### TASK DETAILS
Give the number of lines in the material below that include "Surah", and write nothing else.

### DATA SHOWN

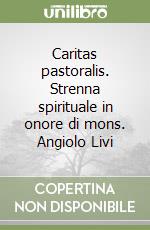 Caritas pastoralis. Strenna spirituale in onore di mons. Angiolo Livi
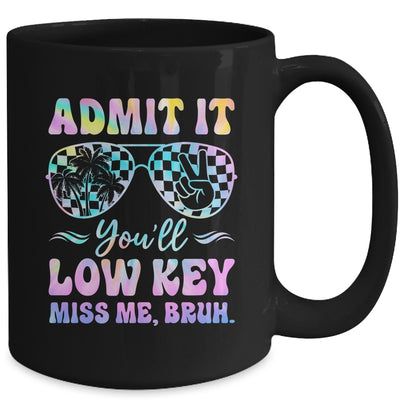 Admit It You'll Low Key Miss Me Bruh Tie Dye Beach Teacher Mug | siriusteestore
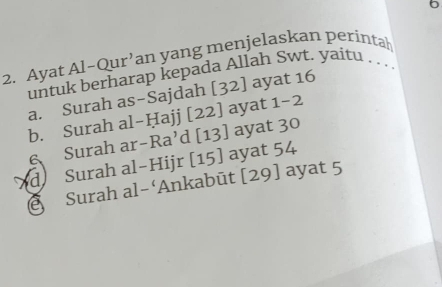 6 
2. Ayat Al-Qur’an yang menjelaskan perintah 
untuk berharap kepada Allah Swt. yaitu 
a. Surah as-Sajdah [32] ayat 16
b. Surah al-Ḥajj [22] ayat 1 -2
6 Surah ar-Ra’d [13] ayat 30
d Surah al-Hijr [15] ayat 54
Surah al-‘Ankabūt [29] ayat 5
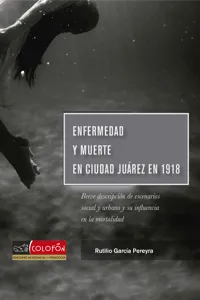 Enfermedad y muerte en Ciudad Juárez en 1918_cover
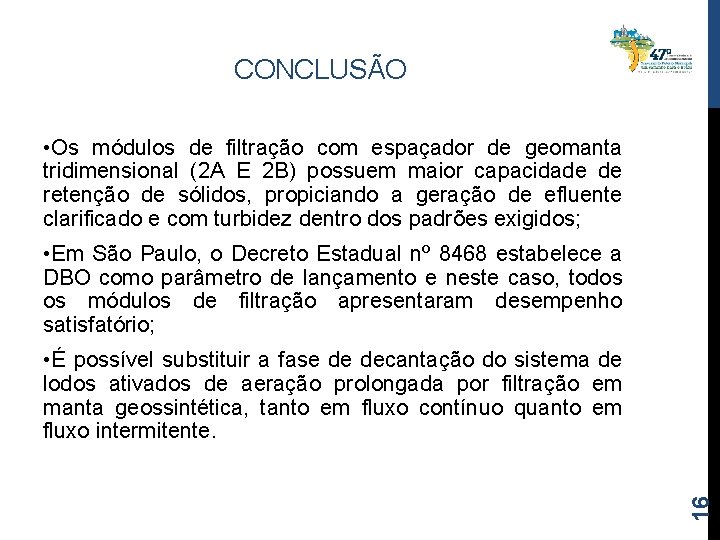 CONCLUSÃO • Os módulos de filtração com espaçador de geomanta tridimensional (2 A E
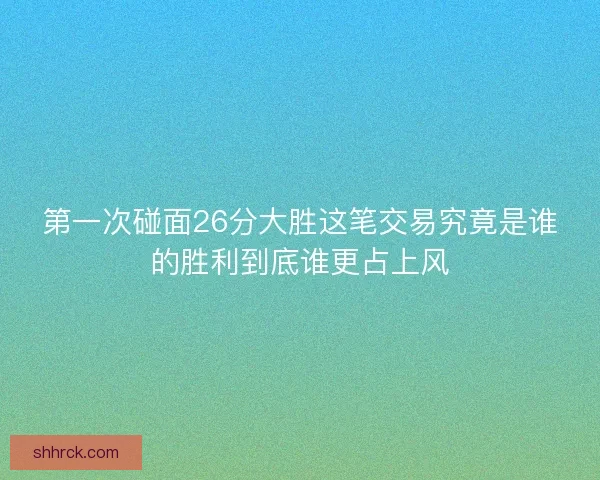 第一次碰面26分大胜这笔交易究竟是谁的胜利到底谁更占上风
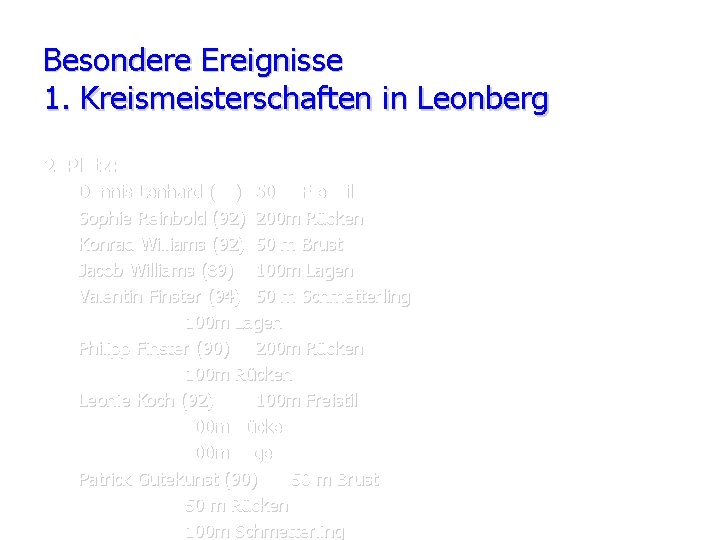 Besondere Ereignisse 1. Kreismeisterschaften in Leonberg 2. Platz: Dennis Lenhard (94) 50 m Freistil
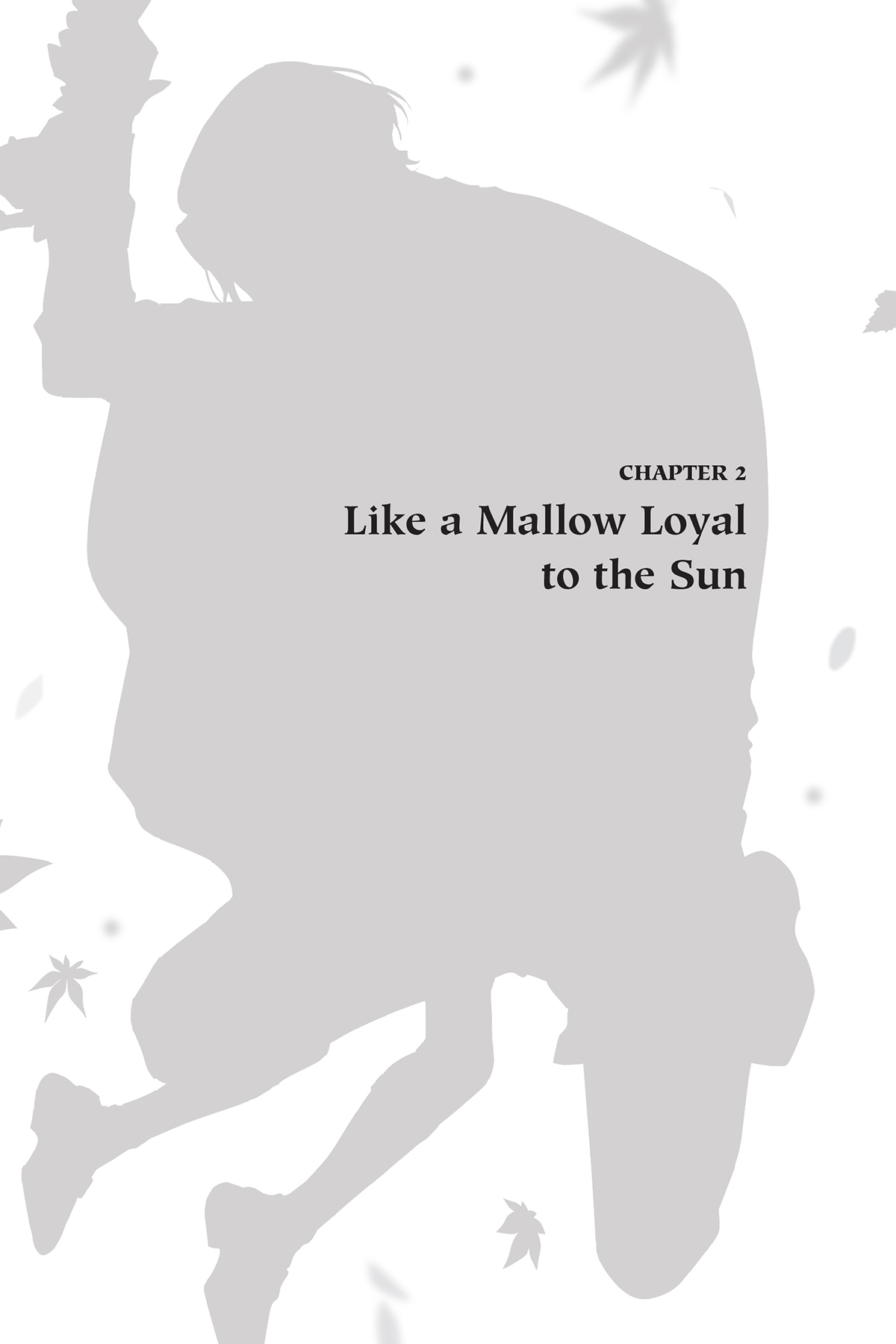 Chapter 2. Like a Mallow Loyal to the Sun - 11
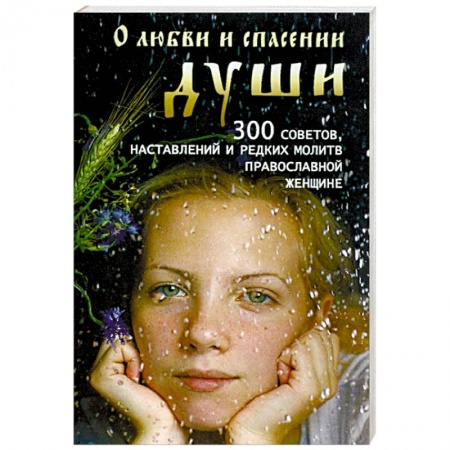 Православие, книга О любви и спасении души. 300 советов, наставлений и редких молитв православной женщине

### RESPONSE AREA
5